*** Opening of Listed entries ***

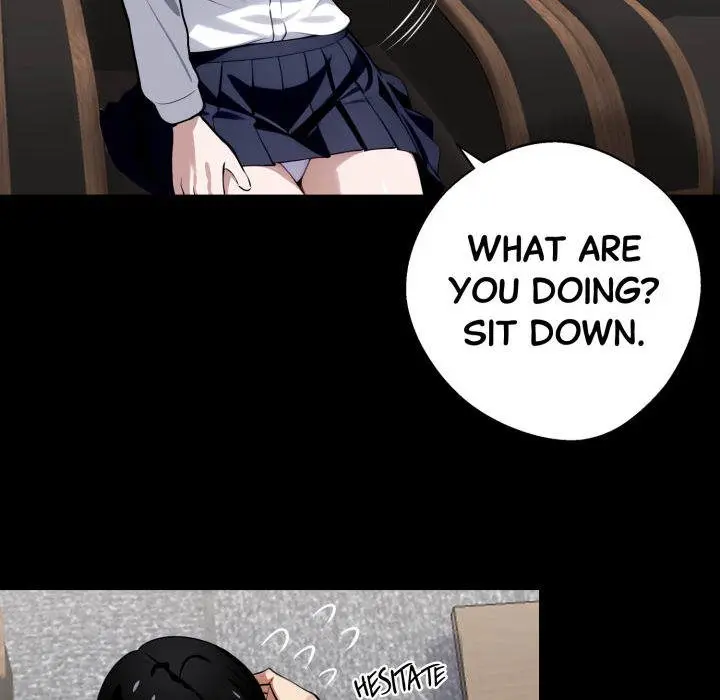 Gangster X Office Lady Chapter 40 - Page 98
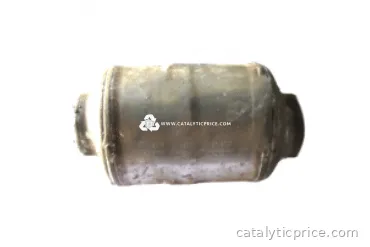 pot catalytique KT 0354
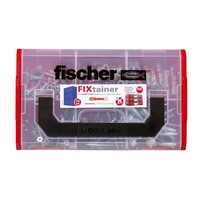 Fischer 535969 kotwa śrubowa/kołek rozporowy 105 szt. Zestaw śrub i kołków rozporowych
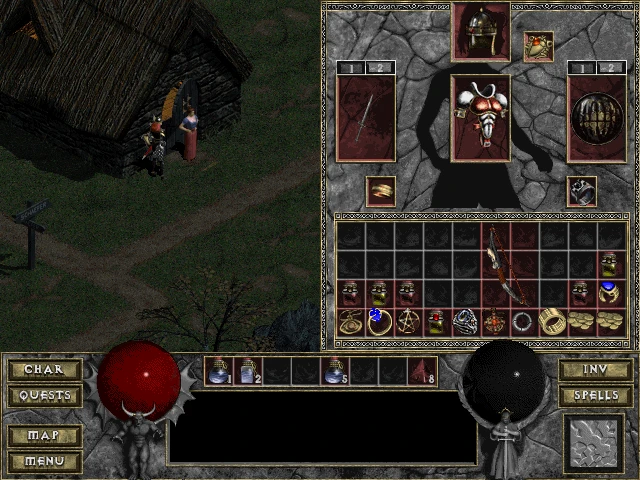 Diablo: The Hell 1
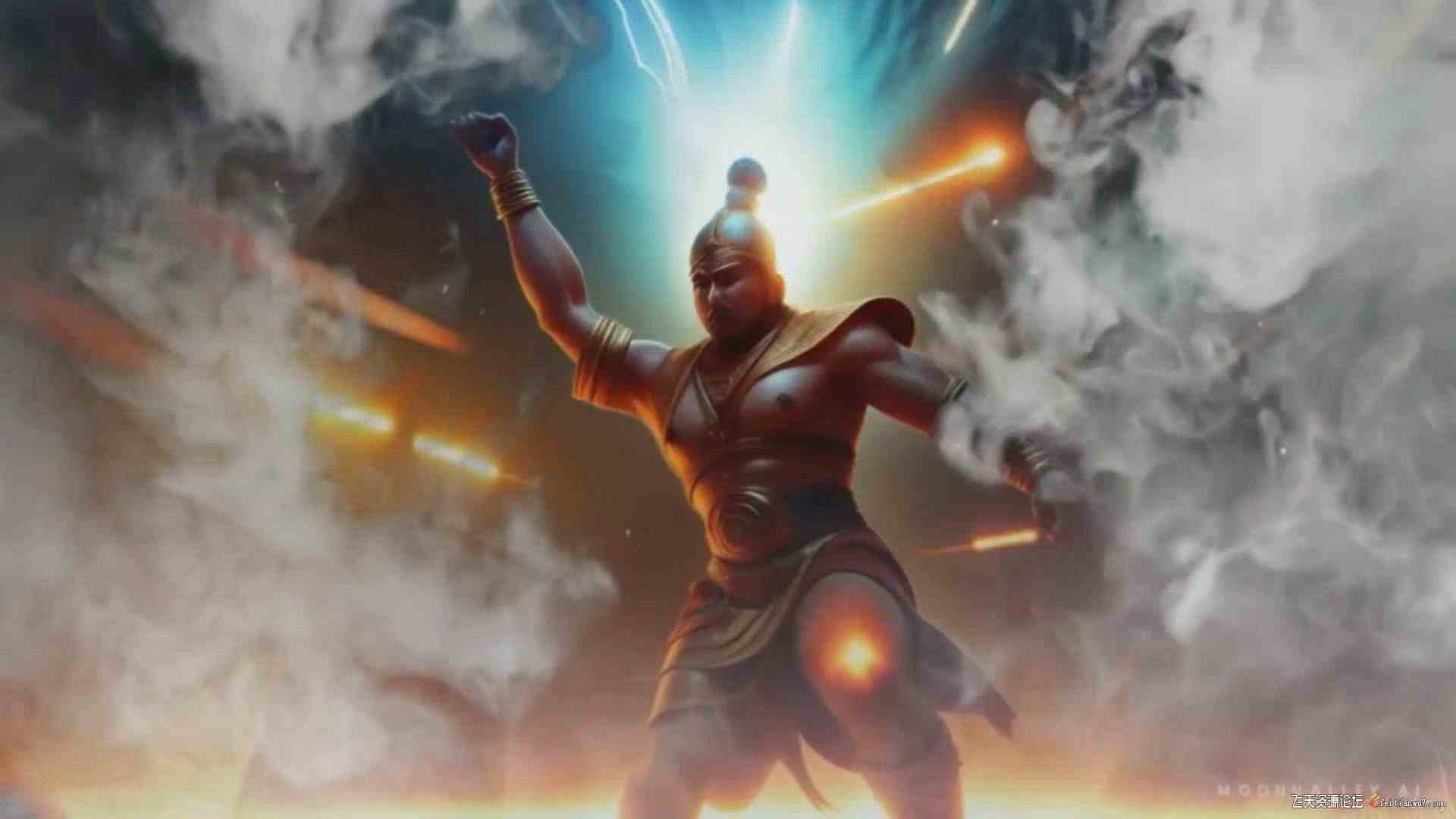 （9457期）Moonvalley AI 完全大师级AI人工智能文本生成视频教程-中英字幕-狄威团队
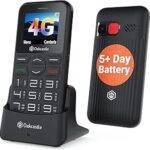 Majority Oakcastle F300 Mobile Feature Phone Seniors Model 4G/SOS/Camera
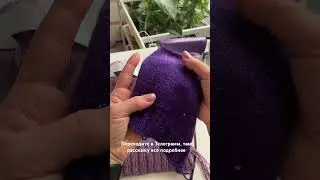 В ночи навязала образцы 🧶
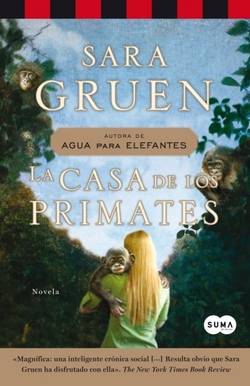 La casa de los primates (bolsillo)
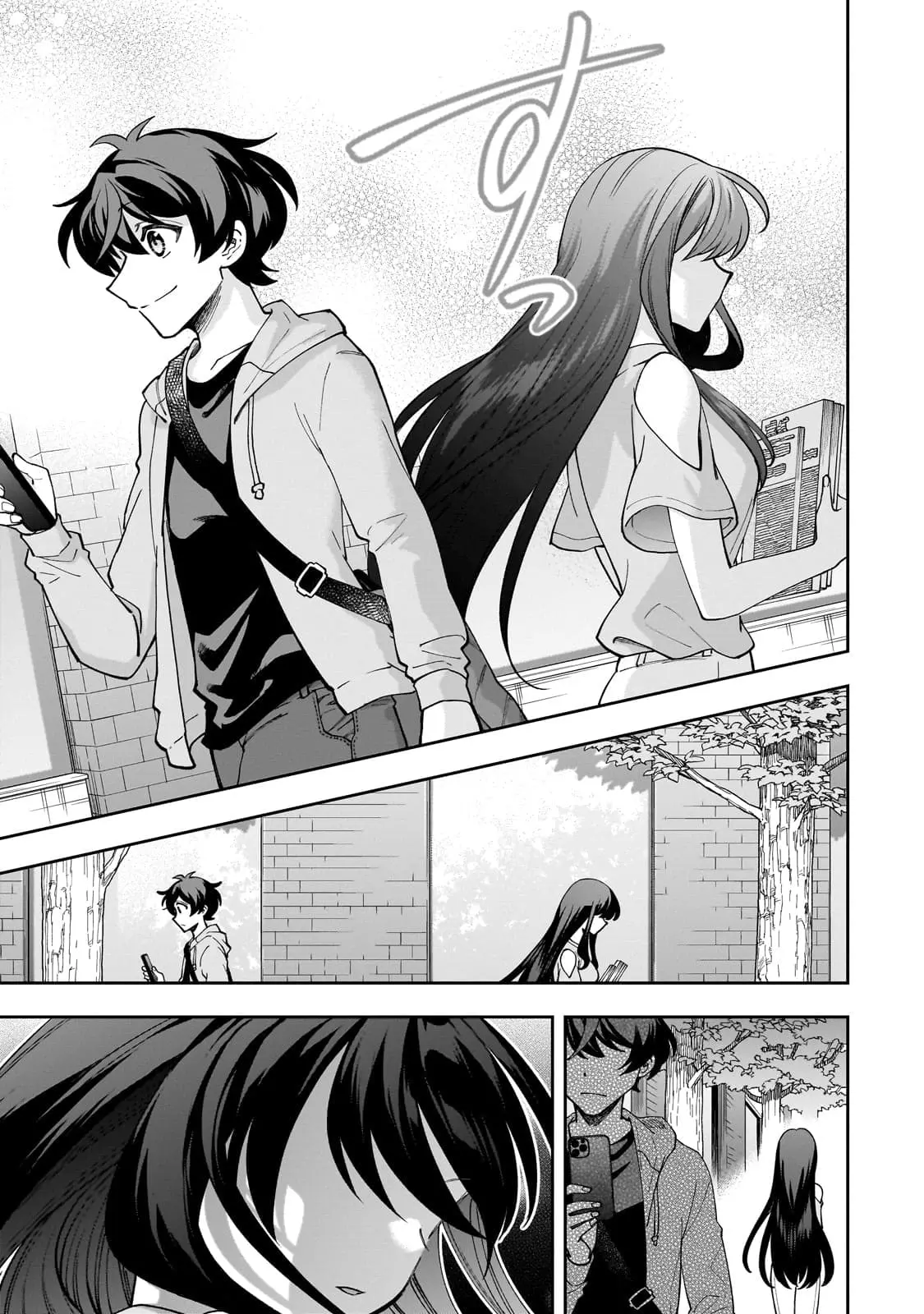 Net no "Oshi" to Real no "Oshi" ga Tonari ni Hikkoshite Kita - Chapter 3 - Page 29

*** Close of Listed entries ***

§ **Task objective**
Every entry, word for word: repeat it, but skip the images.

§ **Written response**
 Gangster X Office Lady Chapter 40 - Page 98
 pot catalytique KT 0354
 Fischer 535969 kotwa śrubowa/kołek rozporowy 105 szt. Zestaw śrub i kołków rozporowych
 Diablo: The Hell 1
 （9457期）Moonvalley AI 完全大师级AI人工智能文本生成视频教程-中英字幕-狄威团队
 Majority Oakcastle F300 Mobile Feature Phone Seniors Model 4G/SOS/Camera
 В ночи навязала образцы 🧶
 La casa de los primates (bolsillo)
 Net no "Oshi" to Real no "Oshi" ga Tonari ni Hikkoshite Kita - Chapter 3 - Page 29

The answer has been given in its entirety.